CURWOOD: The birds and the calendar say it's spring. So it's not too early to start making plans for Earth Day on April 22nd. In fact, the official organizers of Earth Day 2000 have been working on their plans for years. They're hoping to use the millennium as the theme to bring new life to an event that's lost a bit of its edge since the first Earth Day 30 years ago. In recent years, Earth Day celebrations have focused on tangible things close to home: recycling, tree-planting, and Earth-friendly products. This year the focus is on energy and the connection to global climate change -- and on a technological revolution which could bring us cleaner power for our daily lives. From Seattle, Keith Seinfeld of member station KPLU has our report.

(Splashing)

CHILD: Whoa. (Shouts)

SEINFELD: Over the years, Earth Day has become foremost a national occasion for volunteerism, a time for neighbors to clean up creeks and plant trees. That's what these Seattle residents did on Earth Day a few years back. Thornton Creek flows from a parking lot through culverts and into a ravine.(Flowing water)

CHILD: We are picking up Styrofoam out of the creek, because it will get all brownish and go down the creek. Animals don't like it.

MAN: It's kind of an opportunity to actually get in and get your hands dirty and do something.

SEINFELD: Neighbors are still fighting to revive this urban stream, but it won't be a major focus for Earth Day 2000. Instead, organizers want people to address a global problem: climate change caused by greenhouse gases that come from the burning of oil, gas, and coal.

HAYES: What we're trying to do this year is to take these issues of clean energy and climate change and focus the spotlight on them for perhaps a month.

SEINFELD: Dennis Hayes is chairman and chief strategist of the campaign.

HAYES: A really successful Earth Day will focus public attention on some issue for long enough that it actually penetrates the public consciousness and gets catapulted to a different level of priority.

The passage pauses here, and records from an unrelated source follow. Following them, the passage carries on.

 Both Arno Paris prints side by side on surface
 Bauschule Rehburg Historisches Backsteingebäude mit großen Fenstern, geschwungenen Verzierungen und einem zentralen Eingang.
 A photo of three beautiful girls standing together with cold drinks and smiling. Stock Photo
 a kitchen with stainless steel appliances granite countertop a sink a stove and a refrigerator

SEINFELD: If anyone knows Earth Day's potential to provoke change, it's Dennis Hayes. He helped organize the very first event back in 1970, which generated the political energy that led to the Clean Air Act, the Clean Water Act, the Endangered Species Act and the Environmental Protection Agency. This year, Mr. Hayes hopes to force a showdown over our ever-growing appetite for energy.

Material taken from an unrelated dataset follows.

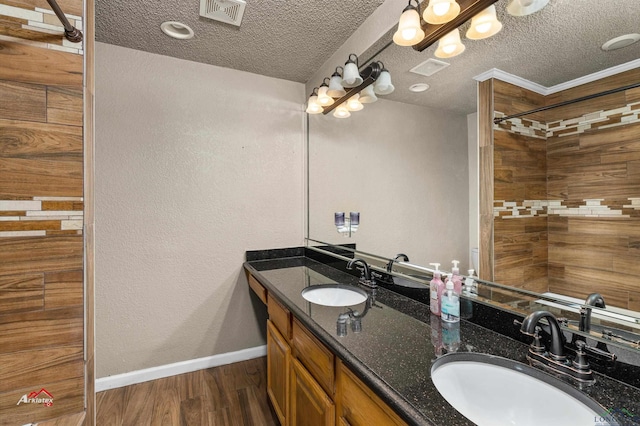 bathroom with vanity, a textured ceiling, hardwood / wood-style flooring, and crown molding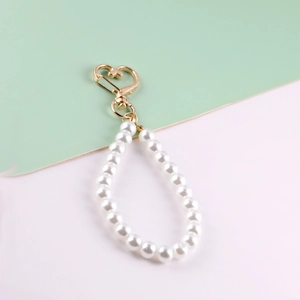 Close-up of golden heart lobster clasp with white faux pearl beaded handle strap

HAYES: The only way that that fight can be won on behalf of sustainable energy is if the public rises up and demands it.

(Voices; a phone rings)

SEINFELD: The nerve center for the campaign is a storefront office near Seattle's downtown waterfront. Activists here are finalizing plans for what they hope will be massive rallies in about 40 U.S. cities. The main event will be April 22nd on the Mall in Washington, D.C., headlined by actor Leonardo DiCaprio. The donated desks here are a bit dingy, but the operations are state-of-the-art. Everywhere is the hum of new computers linking activists worldwide via Web sites and e-mail. There's even an online Earth Day store run by James Urbati.

URBATI: We're scoured the country and outside the country, looking for the products that have the best message. The toys are big sellers. The hemp teddy bears. The frisbee's a fairly big seller.

SEINFELD: It might seem funny that there's an official Earth Day stapler, toilet paper, and frisbee, but Mr. Urbati says the products are raising money. And some actually make arcane energy policy more accessible to the public. While there's great optimism for Earth Day 2000, organizers concede achieving their goal won't be easy. Media coordinator Michelle Ackerman says despite the sudden jolt of high gas prices, energy policy is not the sexiest topic for rallying the public.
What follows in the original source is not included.